Discussing this with you without knowing the whole story may seem useless, but somewhere there must be a course of action that will help the situation. I'm sure you've searched your mind, and consulted your friends about it, but really the whole solution rests with your daughter. Ask her point blank whether she is retarded, mentally ill, a naughty child, a wayward youth, a selfish egomaniac, or just a thief. Give her the choice and then act accordingly.
If you can persuade her to stop being all of the above and begin right now to be a sensible, caring adult, you might find a starting point. Then you make plans with her to set her on a reasonable course. Either she continues to live with you, taking her place in the household as mother of those children, or she moves out and leaves them to you. But don't let the decisions all be made by her. You are the key person here. This is YOUR home, and even if she thinks she is a grown woman, she is still a child. Her body may be grown but obviously her character needs a great deal more development before she can claim to be anything but a difficult child.

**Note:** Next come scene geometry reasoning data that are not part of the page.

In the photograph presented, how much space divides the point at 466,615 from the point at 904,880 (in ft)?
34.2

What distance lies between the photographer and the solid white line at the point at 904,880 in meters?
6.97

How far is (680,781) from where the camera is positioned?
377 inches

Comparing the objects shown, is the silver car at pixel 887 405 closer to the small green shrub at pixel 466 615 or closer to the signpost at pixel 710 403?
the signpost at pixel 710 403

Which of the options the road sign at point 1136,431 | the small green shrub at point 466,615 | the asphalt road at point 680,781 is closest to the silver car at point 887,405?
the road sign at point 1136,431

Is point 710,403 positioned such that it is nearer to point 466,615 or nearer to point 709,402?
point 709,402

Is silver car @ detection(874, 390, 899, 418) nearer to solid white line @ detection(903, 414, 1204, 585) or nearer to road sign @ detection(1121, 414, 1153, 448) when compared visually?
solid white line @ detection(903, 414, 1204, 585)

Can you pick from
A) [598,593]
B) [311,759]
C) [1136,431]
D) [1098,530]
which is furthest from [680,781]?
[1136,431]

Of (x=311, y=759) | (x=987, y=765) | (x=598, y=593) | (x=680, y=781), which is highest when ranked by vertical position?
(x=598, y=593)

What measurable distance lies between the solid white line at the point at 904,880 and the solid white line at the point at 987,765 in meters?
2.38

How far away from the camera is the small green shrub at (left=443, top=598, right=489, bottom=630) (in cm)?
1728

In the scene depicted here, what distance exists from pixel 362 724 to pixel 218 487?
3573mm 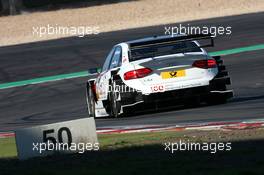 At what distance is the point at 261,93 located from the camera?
59.3 ft

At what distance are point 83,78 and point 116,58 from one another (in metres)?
8.12

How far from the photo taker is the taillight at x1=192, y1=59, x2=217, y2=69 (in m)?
15.5

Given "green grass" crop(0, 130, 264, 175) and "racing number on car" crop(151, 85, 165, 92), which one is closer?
"green grass" crop(0, 130, 264, 175)

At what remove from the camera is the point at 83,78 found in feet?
80.5

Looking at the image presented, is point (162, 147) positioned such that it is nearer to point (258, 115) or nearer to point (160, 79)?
point (258, 115)

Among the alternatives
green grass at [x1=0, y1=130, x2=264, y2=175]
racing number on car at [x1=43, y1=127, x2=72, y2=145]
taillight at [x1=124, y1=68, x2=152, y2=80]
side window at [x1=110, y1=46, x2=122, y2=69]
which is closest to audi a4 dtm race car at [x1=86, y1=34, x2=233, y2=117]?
taillight at [x1=124, y1=68, x2=152, y2=80]

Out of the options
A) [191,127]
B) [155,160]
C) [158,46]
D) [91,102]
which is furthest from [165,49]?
[155,160]

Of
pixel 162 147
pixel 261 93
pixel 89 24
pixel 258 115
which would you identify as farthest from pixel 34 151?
pixel 89 24

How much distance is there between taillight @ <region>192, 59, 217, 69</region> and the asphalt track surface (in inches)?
30.5

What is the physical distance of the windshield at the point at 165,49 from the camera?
620 inches

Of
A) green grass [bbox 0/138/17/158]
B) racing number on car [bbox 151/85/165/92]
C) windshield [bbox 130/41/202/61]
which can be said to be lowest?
green grass [bbox 0/138/17/158]

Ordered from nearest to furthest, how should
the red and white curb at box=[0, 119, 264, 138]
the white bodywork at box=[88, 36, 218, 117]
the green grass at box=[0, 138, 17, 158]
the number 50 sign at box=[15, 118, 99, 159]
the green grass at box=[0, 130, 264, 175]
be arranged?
the green grass at box=[0, 130, 264, 175]
the number 50 sign at box=[15, 118, 99, 159]
the green grass at box=[0, 138, 17, 158]
the red and white curb at box=[0, 119, 264, 138]
the white bodywork at box=[88, 36, 218, 117]

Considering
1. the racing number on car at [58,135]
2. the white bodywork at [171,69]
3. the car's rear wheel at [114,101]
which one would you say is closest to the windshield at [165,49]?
the white bodywork at [171,69]

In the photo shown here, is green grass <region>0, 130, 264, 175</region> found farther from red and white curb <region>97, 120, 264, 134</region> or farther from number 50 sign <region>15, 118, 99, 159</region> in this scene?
red and white curb <region>97, 120, 264, 134</region> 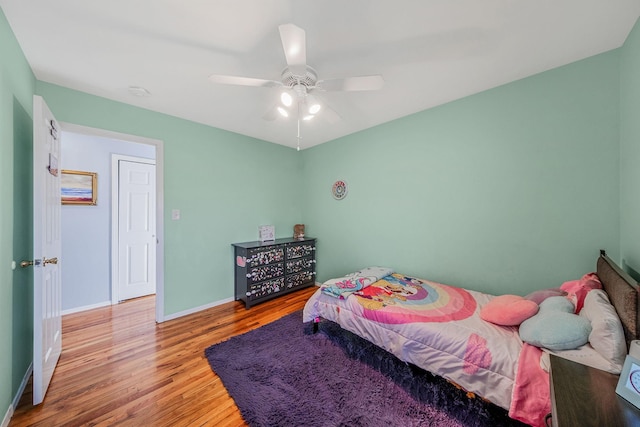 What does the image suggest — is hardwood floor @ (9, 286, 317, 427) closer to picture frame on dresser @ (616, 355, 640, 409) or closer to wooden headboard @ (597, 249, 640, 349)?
picture frame on dresser @ (616, 355, 640, 409)

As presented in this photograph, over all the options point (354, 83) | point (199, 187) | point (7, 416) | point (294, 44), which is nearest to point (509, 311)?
point (354, 83)

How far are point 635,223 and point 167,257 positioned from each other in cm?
403

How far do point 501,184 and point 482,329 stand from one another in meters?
1.35

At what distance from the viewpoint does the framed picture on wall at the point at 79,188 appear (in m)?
2.86

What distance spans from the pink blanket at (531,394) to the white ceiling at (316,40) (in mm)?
1975

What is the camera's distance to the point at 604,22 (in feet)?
4.60

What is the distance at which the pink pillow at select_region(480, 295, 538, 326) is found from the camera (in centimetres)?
148

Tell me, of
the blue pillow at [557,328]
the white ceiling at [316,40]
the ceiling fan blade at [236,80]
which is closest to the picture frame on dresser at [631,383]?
the blue pillow at [557,328]

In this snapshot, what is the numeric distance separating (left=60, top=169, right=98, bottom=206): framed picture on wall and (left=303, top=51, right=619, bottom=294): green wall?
3.57 metres

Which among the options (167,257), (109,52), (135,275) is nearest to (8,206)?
(109,52)

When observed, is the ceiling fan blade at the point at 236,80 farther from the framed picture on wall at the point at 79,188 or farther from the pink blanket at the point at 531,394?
the framed picture on wall at the point at 79,188

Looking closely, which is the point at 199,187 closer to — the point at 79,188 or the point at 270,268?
the point at 270,268

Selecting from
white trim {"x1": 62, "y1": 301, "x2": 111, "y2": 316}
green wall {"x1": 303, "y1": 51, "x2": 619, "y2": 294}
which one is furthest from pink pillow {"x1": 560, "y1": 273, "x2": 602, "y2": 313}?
white trim {"x1": 62, "y1": 301, "x2": 111, "y2": 316}

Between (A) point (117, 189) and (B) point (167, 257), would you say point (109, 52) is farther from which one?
(A) point (117, 189) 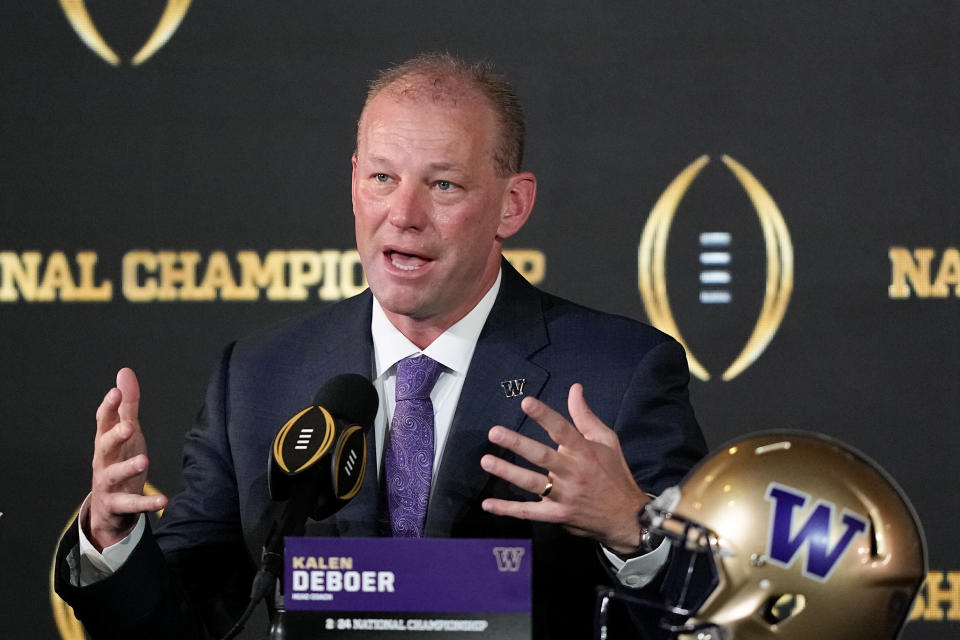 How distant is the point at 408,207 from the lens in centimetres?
210

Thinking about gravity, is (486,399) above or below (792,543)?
above

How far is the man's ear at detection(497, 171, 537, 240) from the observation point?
2324 mm

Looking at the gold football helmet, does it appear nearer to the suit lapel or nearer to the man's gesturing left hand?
the man's gesturing left hand

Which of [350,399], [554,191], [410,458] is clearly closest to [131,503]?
[350,399]

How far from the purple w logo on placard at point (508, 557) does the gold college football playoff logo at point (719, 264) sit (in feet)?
4.54

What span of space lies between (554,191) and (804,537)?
1499mm

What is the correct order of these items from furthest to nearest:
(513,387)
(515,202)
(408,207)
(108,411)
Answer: (515,202)
(513,387)
(408,207)
(108,411)

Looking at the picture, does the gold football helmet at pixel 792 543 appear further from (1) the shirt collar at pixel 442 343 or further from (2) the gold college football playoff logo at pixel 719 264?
(2) the gold college football playoff logo at pixel 719 264

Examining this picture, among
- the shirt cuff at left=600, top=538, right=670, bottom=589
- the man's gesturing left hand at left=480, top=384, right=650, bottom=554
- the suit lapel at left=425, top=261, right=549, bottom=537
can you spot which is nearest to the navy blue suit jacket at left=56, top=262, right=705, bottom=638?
the suit lapel at left=425, top=261, right=549, bottom=537

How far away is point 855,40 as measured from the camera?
289cm

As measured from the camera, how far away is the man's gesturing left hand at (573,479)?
5.74 feet

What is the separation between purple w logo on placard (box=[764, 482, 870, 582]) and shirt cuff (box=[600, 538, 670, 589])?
333 mm

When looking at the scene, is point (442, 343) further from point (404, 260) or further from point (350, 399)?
point (350, 399)

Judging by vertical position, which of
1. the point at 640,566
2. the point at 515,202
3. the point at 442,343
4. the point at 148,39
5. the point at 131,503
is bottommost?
the point at 640,566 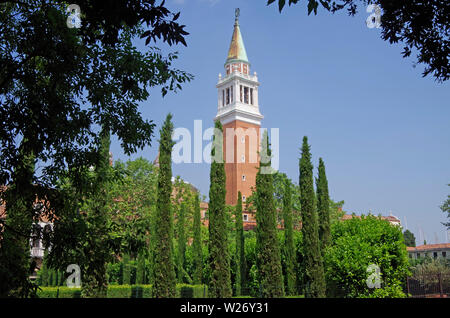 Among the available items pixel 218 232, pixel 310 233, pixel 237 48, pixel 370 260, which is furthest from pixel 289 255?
pixel 237 48

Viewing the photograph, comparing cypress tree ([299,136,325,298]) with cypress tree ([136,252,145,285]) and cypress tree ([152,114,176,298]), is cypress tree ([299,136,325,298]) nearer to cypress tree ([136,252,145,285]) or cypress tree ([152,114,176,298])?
cypress tree ([152,114,176,298])

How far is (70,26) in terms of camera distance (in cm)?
424

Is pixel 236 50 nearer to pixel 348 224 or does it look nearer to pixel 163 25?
pixel 348 224

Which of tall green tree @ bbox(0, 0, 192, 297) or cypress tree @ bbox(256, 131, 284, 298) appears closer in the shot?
tall green tree @ bbox(0, 0, 192, 297)

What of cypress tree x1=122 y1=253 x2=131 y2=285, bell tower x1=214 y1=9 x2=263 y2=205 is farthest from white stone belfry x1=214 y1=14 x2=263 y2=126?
cypress tree x1=122 y1=253 x2=131 y2=285

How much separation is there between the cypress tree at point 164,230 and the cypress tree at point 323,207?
10180 millimetres

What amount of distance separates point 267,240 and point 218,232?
308 centimetres

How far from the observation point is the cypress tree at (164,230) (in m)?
20.8

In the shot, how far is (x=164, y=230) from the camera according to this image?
21.8 metres

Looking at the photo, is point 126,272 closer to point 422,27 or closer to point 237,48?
point 422,27

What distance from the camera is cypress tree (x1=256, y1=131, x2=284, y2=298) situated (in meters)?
22.2

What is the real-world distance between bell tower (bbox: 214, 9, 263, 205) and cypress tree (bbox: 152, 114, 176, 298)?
2947cm

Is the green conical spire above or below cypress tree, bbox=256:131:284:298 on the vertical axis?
above

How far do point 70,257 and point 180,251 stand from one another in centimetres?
2878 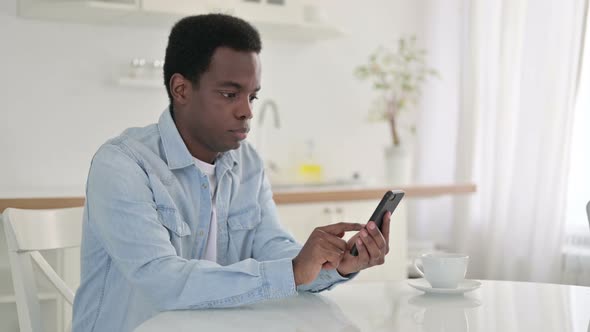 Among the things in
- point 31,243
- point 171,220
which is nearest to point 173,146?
point 171,220

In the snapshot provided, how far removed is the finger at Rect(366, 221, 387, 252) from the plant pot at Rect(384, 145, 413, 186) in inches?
89.8

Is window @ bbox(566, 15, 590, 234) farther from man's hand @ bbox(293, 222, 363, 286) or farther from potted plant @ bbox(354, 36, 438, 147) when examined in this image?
man's hand @ bbox(293, 222, 363, 286)

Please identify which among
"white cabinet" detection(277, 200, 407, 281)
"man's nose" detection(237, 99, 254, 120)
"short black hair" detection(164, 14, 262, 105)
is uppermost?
"short black hair" detection(164, 14, 262, 105)

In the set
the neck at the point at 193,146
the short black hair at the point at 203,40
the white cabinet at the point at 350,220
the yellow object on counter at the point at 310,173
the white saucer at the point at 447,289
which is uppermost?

Going around in mental circles discussing your dilemma with all the people you are caring for in your home, I'm trying to spare your feelings by not accusing you of having neglected an important part of your daughter's upbringing. Time slips by so quickly as they are growing up, it's easy to let things happen without realizing the dangerous possible outcome.
But looking back with regret accomplishes nothing, so I'm hoping you will be able to sit her down and demand a turning point. What will be best for the little ones, now and in their future. These are people, not just babies put here to be a nuisance. They will have problems of their own very soon. Who is going to guide them? You or your daughter, strangers, or nobody?
What will be best for your daughter. Eventually she must wake up and take on her own challenges. When will that be? Try for today.
What will be best for YOU. Somewhere along the line you have to consider yourself, and the other members of your family. Giving your whole life to solving one daughter's problems is not what you deserve.
Since there is no way that anyone except you and your daughter can solve this problem, all the rest of us can do is open up some possible avenues of approach. I hope I've been able to do that.